22 thoughts on “Home made Puff Pastry From Scratch

  1. Very nice. Puff pastry needs 6 turns. You can put it in the freezer after 4 turns and when ready to use bring back to room temperature and make 2 more turns. It is a different way of making a classic puff pastry with butter but very nice. Cheers and enjoy you holidays with your family


  2. I have actually had a few successful ‘go’s at this way back when I did more baking ~ found it quite a therapeutic exercise!! According to Jamie Oliver of course anyone going to all that trouble at home has too much time 😉 ! Don’t know about that!!!


  3. I’m so glad you made this and that it went well! it isn’t that hard, but it does require patience and some careful handling of the dough to avoid ruptures. Can’t wait to see how you end up using the puff pastry. Hopefully you’ll blog about it!


  4. Bravo, Stefan! This was on my to-do list for 2013. Looks like I missed that boat. Still, I will get to it. You seemingly have much better rolling skills than do I. My attempts at rolling out a pie crust, for example, would be laughable if they weren’t so frustrating. Even so, the only way to improve is with practice. i will give this a try and you’ll be the first to know when I do. Just don’t expect any news real soon. Remember, I’m already a year late. 🙂


    1. It was also on my to-do list, so this was just in time!
      I was surprised how easy it was to roll this pastry as compared to pie crust pastry — that always tears or keeps bouncing back or doesn’t take the shape I want it to. That is why I was so surprised that this was so much easier. Now I want to try croissants as well 🙂


  5. Brilliant instructions as always, thank you. I made some during a cooking class … way back in 2002! and only once after that. But we didn’t use a mixer, it was all done by hand. I remember being given the advice to start with about 1kg of flour … if you are going to go to the trouble of making puff pastry … you may as well make lots of it!
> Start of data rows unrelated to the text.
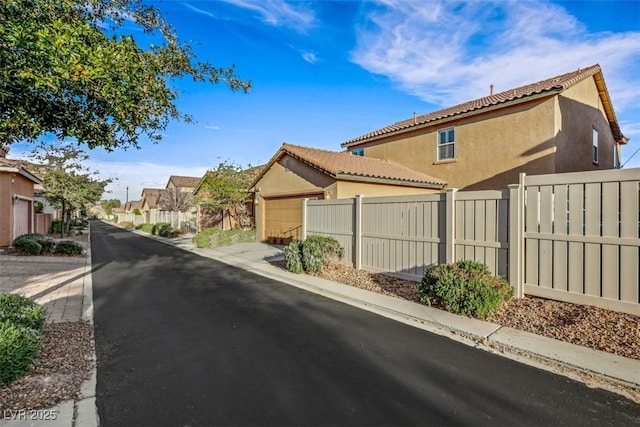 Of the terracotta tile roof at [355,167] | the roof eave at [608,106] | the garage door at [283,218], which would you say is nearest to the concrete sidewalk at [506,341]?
the terracotta tile roof at [355,167]

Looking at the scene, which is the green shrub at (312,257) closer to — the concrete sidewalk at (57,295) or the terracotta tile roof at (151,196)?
the concrete sidewalk at (57,295)

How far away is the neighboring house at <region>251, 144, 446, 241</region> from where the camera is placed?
1295cm

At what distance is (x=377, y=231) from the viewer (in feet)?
30.7

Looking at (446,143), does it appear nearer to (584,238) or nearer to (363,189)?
(363,189)

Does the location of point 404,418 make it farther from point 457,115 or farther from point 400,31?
point 457,115

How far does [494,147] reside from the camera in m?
13.0

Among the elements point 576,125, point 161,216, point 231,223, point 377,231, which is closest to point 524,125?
point 576,125

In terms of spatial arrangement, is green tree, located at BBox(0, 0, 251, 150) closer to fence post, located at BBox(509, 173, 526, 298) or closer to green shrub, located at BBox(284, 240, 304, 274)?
green shrub, located at BBox(284, 240, 304, 274)

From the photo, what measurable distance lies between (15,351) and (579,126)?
17.7 m

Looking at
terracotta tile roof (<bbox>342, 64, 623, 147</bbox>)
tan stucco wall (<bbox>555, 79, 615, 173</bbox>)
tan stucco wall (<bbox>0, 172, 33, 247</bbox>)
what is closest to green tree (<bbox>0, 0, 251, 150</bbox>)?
terracotta tile roof (<bbox>342, 64, 623, 147</bbox>)

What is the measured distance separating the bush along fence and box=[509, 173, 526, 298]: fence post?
17 millimetres

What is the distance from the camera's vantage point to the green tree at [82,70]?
3.93 meters

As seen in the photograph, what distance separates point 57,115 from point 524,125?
46.4ft

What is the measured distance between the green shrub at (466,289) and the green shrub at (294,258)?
4.35 m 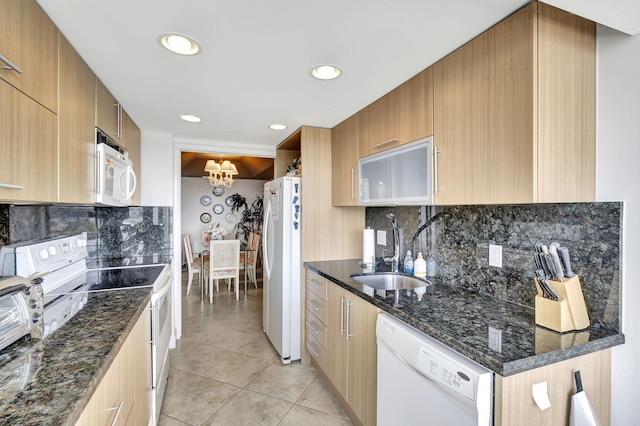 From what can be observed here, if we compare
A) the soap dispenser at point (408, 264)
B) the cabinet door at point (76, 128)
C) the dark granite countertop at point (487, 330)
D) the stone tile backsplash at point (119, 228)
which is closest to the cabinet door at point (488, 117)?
the dark granite countertop at point (487, 330)

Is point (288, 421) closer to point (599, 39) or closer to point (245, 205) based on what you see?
point (599, 39)

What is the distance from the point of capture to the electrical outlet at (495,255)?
1554 mm

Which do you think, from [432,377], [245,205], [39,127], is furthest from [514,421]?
[245,205]

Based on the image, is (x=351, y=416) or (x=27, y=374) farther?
(x=351, y=416)

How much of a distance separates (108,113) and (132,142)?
0.65 m

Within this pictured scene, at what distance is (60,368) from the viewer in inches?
33.7

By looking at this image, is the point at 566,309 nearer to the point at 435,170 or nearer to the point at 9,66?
the point at 435,170

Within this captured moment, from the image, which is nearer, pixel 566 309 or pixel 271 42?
pixel 566 309

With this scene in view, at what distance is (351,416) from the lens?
6.21ft

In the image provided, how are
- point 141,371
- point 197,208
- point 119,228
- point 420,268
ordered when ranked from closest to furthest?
point 141,371, point 420,268, point 119,228, point 197,208

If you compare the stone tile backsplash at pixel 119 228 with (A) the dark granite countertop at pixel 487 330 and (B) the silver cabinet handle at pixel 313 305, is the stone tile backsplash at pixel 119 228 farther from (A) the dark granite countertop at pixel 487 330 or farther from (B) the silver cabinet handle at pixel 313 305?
(A) the dark granite countertop at pixel 487 330

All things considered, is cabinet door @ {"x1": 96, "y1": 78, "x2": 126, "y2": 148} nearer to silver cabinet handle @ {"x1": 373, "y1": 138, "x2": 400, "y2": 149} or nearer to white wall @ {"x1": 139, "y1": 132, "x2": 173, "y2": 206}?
white wall @ {"x1": 139, "y1": 132, "x2": 173, "y2": 206}

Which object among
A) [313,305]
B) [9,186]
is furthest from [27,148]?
[313,305]

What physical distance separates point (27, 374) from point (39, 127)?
2.75 feet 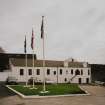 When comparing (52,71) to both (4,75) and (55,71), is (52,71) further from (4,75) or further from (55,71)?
(4,75)

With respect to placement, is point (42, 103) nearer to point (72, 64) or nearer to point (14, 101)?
point (14, 101)

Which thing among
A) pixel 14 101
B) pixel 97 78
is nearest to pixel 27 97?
pixel 14 101

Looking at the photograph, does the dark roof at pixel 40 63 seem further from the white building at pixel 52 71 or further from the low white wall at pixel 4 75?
the low white wall at pixel 4 75

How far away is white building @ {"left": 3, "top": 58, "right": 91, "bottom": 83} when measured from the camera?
257 ft

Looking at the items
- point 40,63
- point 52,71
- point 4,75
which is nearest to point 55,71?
point 52,71

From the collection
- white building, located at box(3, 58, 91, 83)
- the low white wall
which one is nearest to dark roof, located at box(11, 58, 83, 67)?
white building, located at box(3, 58, 91, 83)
    1. The mixer helps because it keeps the dough cooler, and because you don’t get frustrated from dough sticking to your hands 😉
      Now that I know I can do it, I will probably make more next time.


  6. Many, many years ago I made puff pastry. I will never do it again. It was a righteous pain and I have what bakers call “hot hands.” As such, anything with lots of butter, lard, etc. that requires hand working and relatively cool temps is very difficult for me. I have to use a pastry cutter instead of my hands to do pie crusts, shortbreads and other cookies and pastries. This is one of the reasons I don’t do a lot of pastries on the blog or real life. When I need puff pastry, I just spend the extra money and buy it. I am impressed, however, that you undertook this challenge and it looked beautiful with the beef wellington. Kudos to you. 🙂


    1. Thanks, Richard. I don’t like dealing with any type of dough with my hands because it always sticks and I get very frustrated (especially when trying to take photos of the proceedings as well). The beauty of using the stand mixer and rolling pin is that in this method I hardly had to touch the dough at all, so hot hands are not an issue.